Is the grade relatively flat? Any shaded areas?


----------



## dbarlow (Jul 8, 2018)

This past December made 1 year for mine. Grade is ok,but not the best. I have ne side that has some shade in areas, the rest is sunny. What hoc do you think would be best for it once leveled properly?


----------



## jayhawk (Apr 18, 2017)

anywhere between 1 & 2 " imho


----------



## jayhawk (Apr 18, 2017)

dbarlow said:


> My current mower will go about 1". installers installed it after a bunch of rain and it's taken time to get level. Yes I have a good irrigation system. Any pics of your geo?
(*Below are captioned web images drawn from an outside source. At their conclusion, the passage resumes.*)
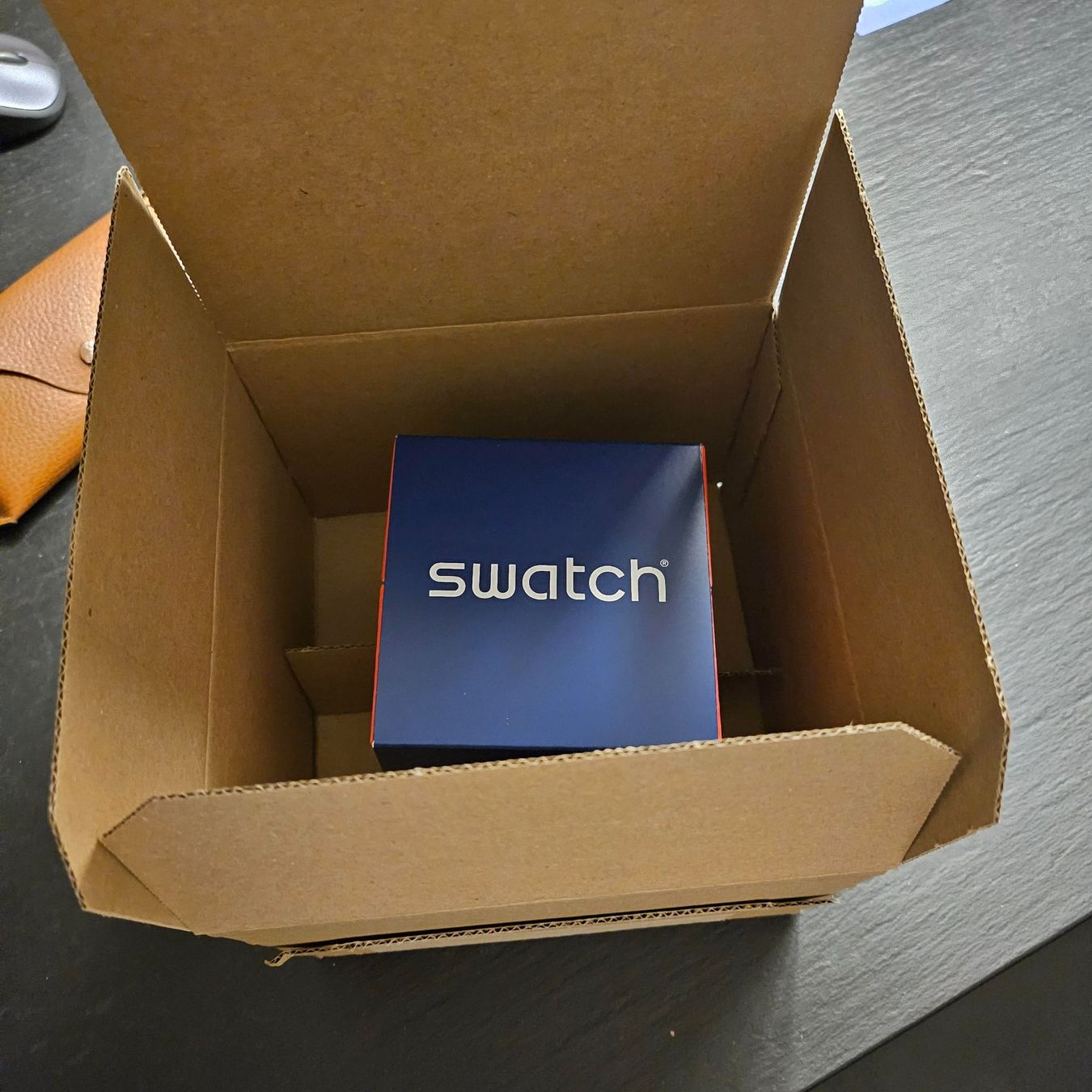 Swatch Smartwatch: Swatch 39 Uhr, Original und ab Fabrik – Nuovo e nell'imballaggio originale da Kollbrunn venduto da equipe-bachofner.ch 4
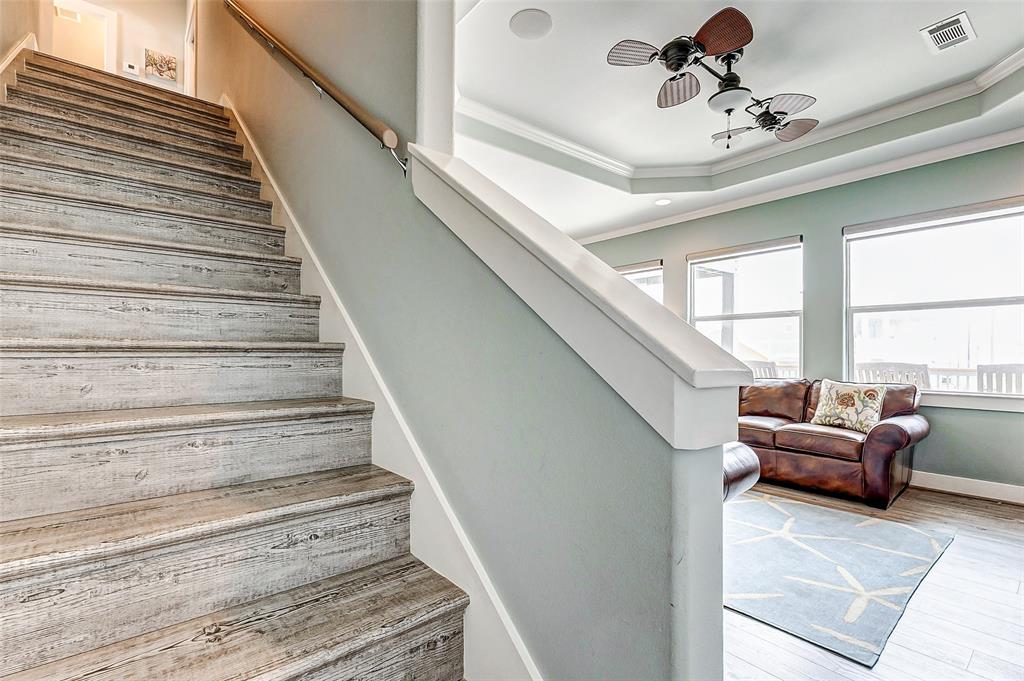 950 Seadrift Drive, Crystal Beach, Texas image 16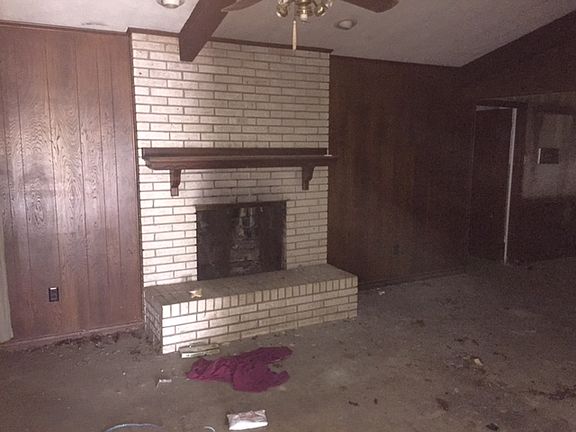 3rd image of 907 Lancaster Park Dr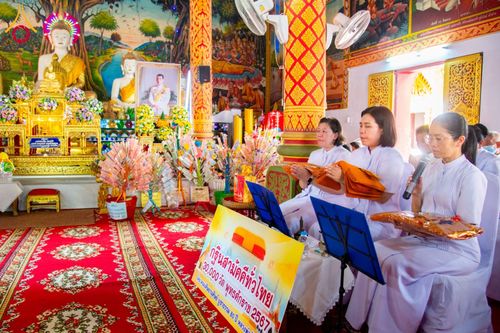 ภาพ No.165868:พิธีทอดกฐิน ณ วัดม่วงโตน ตำบลเหล่ายาว อำเภอบ้านโฮ่ง จังหวัดลำพูน ในโครงการกฐินสามัคคีทั่วไทย 30,000 วัด บูชาธรรม 80 ปี หลวงพ่อธัมมชโย โดยคณะศิษยานุศิษย์วัดพระธรรมกาย วันที่ 20 ตุลาคม พ.ศ. 2567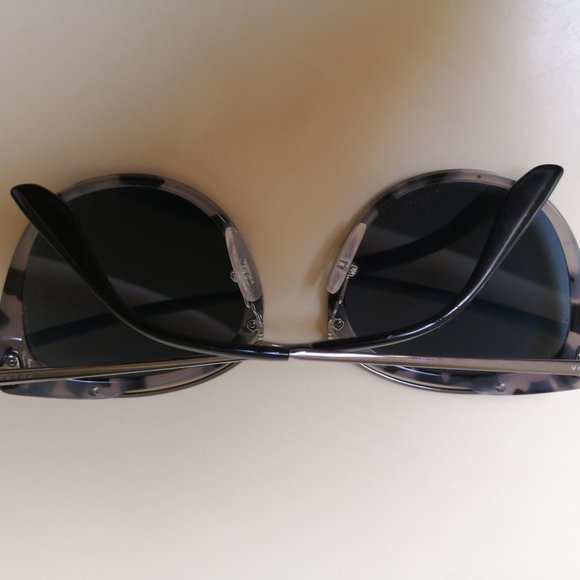 Prada PR20US Hu7219 Sunglass - Picture 5 of 5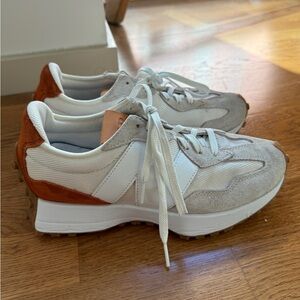 New Balance 327 in Suede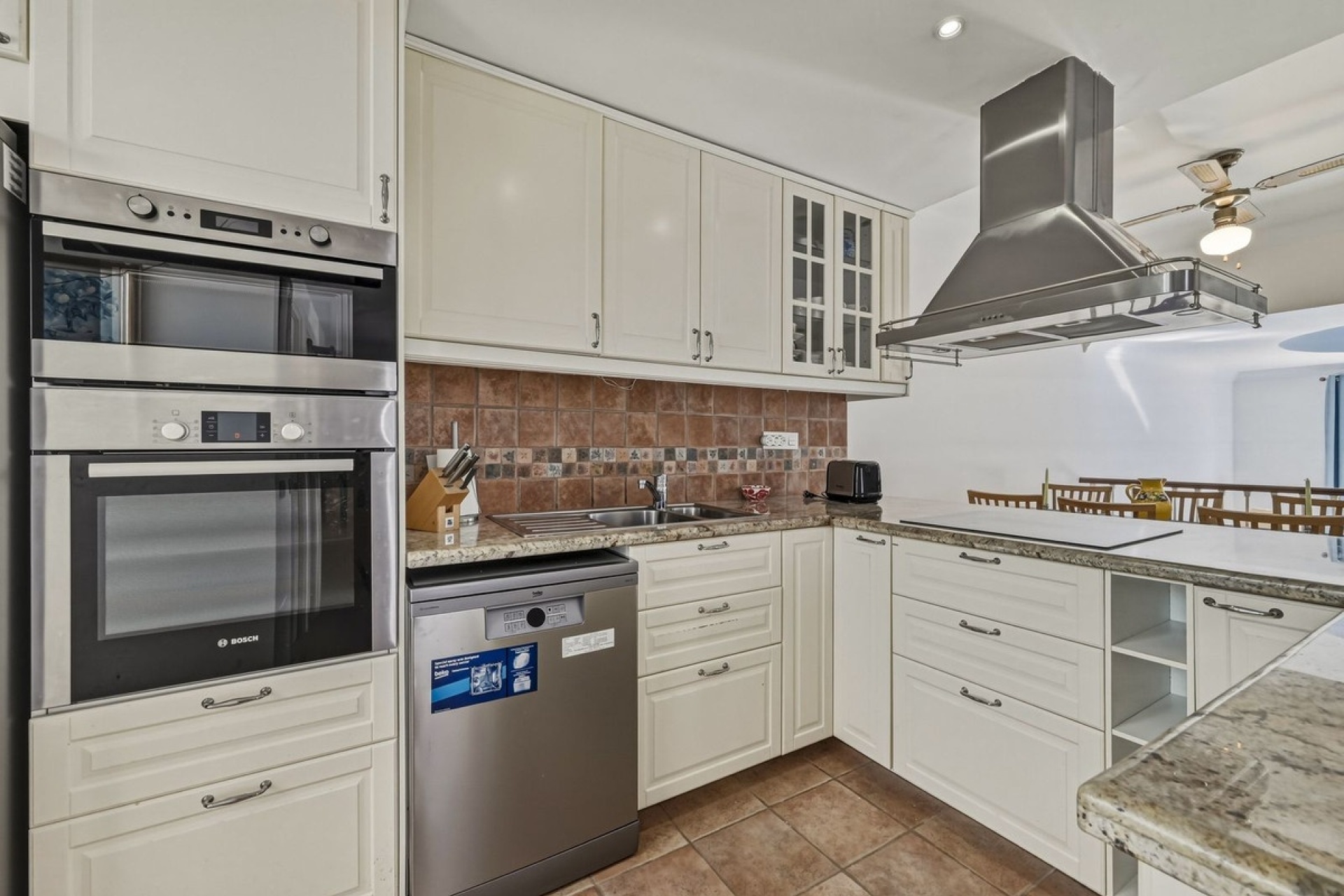 Resale - Villa - Marbella - Nueva Andalucía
Before, surrounded above with 40' oaks (this east side, even today)


(Bermuda and dirt)

To today


Between houses ..south side:
(Yes, this pipe later came out...dumb)


To:
@Greendoc 
 no more than 1/2 "


----------



## dbarlow (Jul 8, 2018)

Looks great, hope to have mine looking that good one day


----------



## Spammage (Apr 30, 2017)

@jayhawk that is looking great!


----------



## Guest (Jul 14, 2018)

That geo looks awesome!


----------



## jayhawk (Apr 18, 2017)

Here is a poor pic of a house with Geo. Trust me, solid green. @dbarlow

Massive trees on south , SE ....I swore the Chinese OAk would need to go but grass is doing fine.....3 years strong.


----------